- Since 2018, a Jordanian architect and a Japanese environmentalist have planted three tiny forests in Amman, Jordan, the largest with a footprint of just 250 square meters (2,700 square feet).
- These are some of the first forests in the Middle East to be designed according to the Miyawaki method, a technique for growing mature forests in a matter of decades at virtually any scale.
- In a country with just 0.03% tree cover and where tree planting is increasingly popular but knowledge about native vegetation is scattered, the effort involved extensive research and experimentation to identify and propagate native plants.
- With more “baby forests” on the way, the goal is to sketch a path toward the restoration of Jordan’s disappearing forest ecosystems while reconnecting urban communities to nature.
AMMAN, Jordan — It’s a quiet day in Omar al-Faisal Park, in the impoverished industrial outskirts of Jordan’s capital, Amman. Sandwiched between the runway of a military airport and residential streets, the park seems unimpressive at first glance, but it shelters a little-known gem.
Behind a wire fence, trees neatly planted a few meters apart give way to a dense flurry of branches and tangled shrubs. Compact soil has been replaced by a thick mix of straw, earth and decomposing weeds. In spring, dozens of wildflowers blossom along the edges of the garden, swaying to the gentle hum of beetles and bees.
Pay no heed to its appearance; this messy-looking garden is actually a budding forest that will soon host towering native trees. Nicknamed “Marka baby forest” for its location in the Marka neighborhood and its tiny footprint, it’s one of the first forests of the Middle East to be designed according to the Miyawaki method, a technique for growing mature forests in a matter of decades.
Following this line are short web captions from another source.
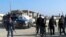 Gunmen walk the streets of the Iraqi city of Ramadi,which has been plagued by violence in recent weeks. 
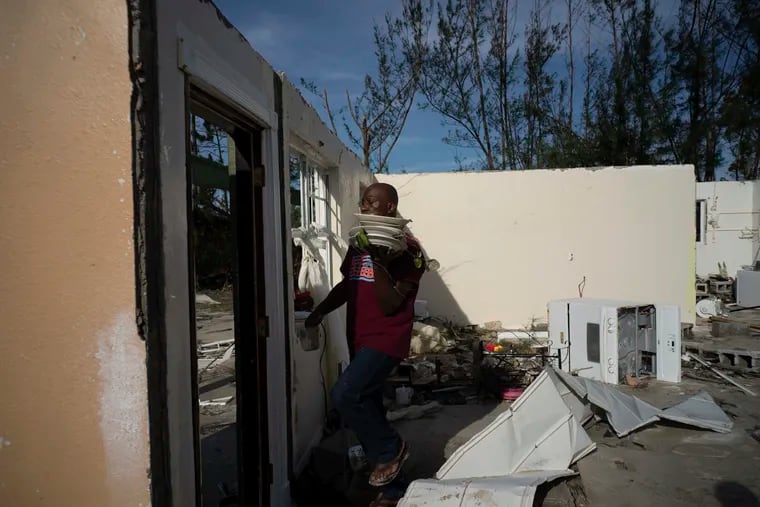 Mister Bolter recovers dishes from his son's home, destroyed by Hurricane Dorian in Pine Bay, near Freeport, Bahamas, Wednesday, Sept. 4, 2019. Rescuers trying to reach drenched and stunned victims in the Bahamas fanned out across a blasted landscape of smashed and flooded homes Wednesday, while disaster relief organizations rushed to bring in food and medicine.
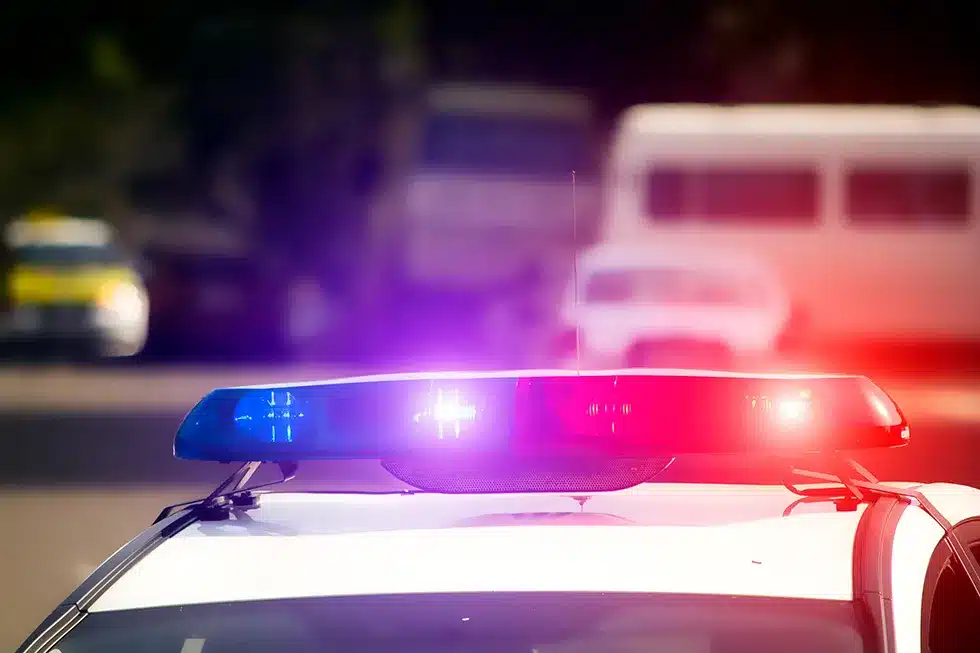 Police lights on a police car parked  behind a drunk driver who is calling his Harrisburg DUI attorney.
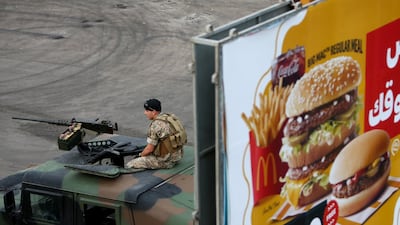 A Lebanese soldier watches anti-government protests in Sidon from atop a military vehicle. Reuters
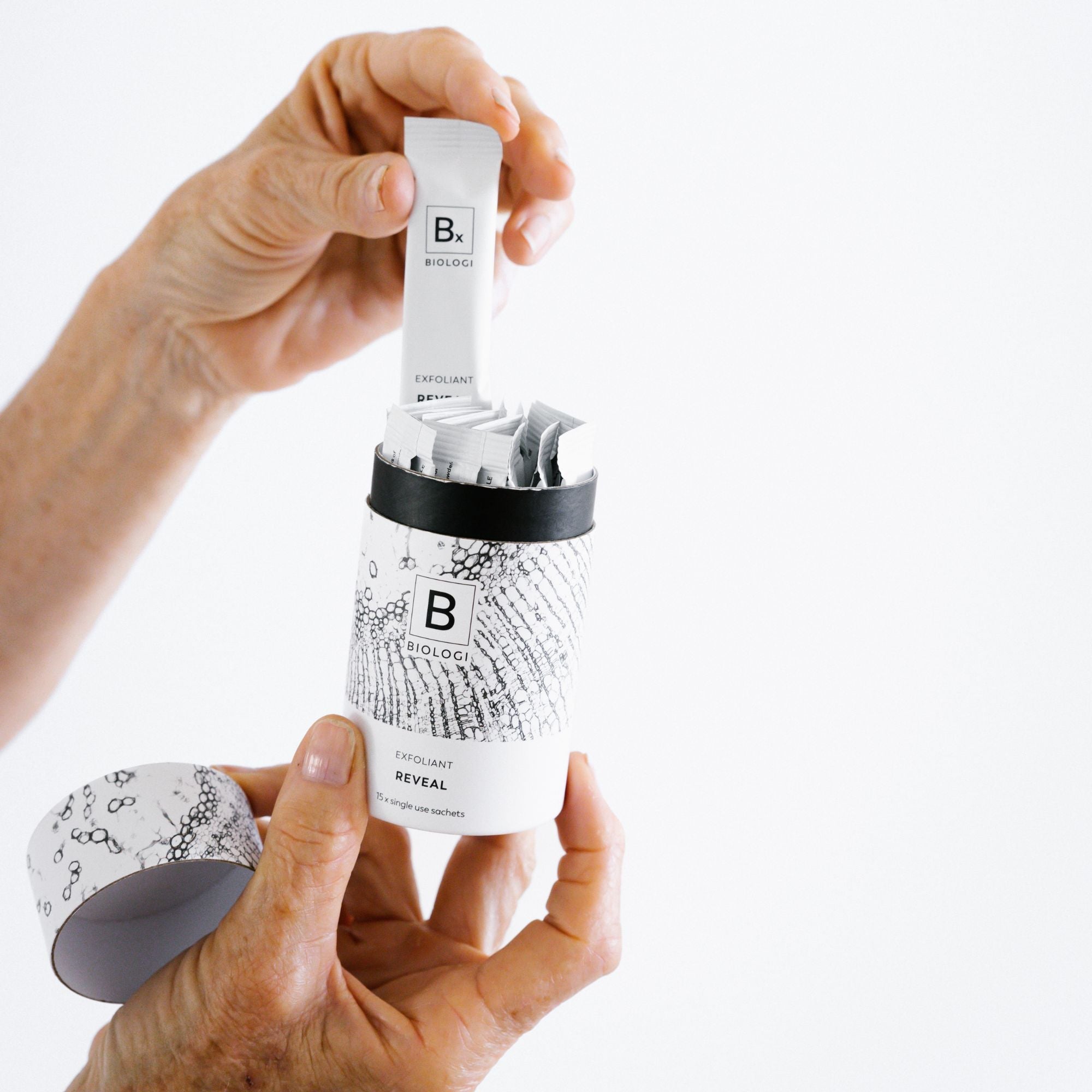 Hands lift an individual Biologi Bx Reveal Exfoliant sachet from the open cylindrical carton, showing the sachets inside and the removed lid.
Since 2018, Jordanian architect Deema Assaf and Japanese environmentalist Motoharu Nochi have planted three such forests in Amman, the largest with a footprint of just 250 square meters (2,700 square feet). Their goal? Sketching a path toward the restoration of Jordan’s disappearing forest ecosystems while reconnecting urban communities to nature.
The Miyawaki method
Akira Miyawaki developed his namesake method in the 1970s in Japan, in the midst of a post-war industrial boom that was taking a visible toll on the environment. As a botanist, Miyawaki knew this damage could be partially healed by regrowing native forests, which play an essential role in regulating the environment. Studying the centuries-old sacred forests around Japan’s Shinto temples, Miyawaki developed the concept of potential natural vegetation (PNV) to describe the plant communities that would normally thrive in ancient native forest without human intervention.
Determining PNV is a crucial step in establishing a true Miyawaki forest. But while Japan could rely on its tradition of sacred forests to identify suitable species, Jordan faces an uphill battle. The country’s primary forests are greatly damaged, if not lost entirely, and knowledge about native plants is scattered. “People in the villages, Bedouins, academics do have information, but it’s often not available to the public,” Nochi told Mongabay. “Sometimes it’s not even written, it’s just orally passed on.”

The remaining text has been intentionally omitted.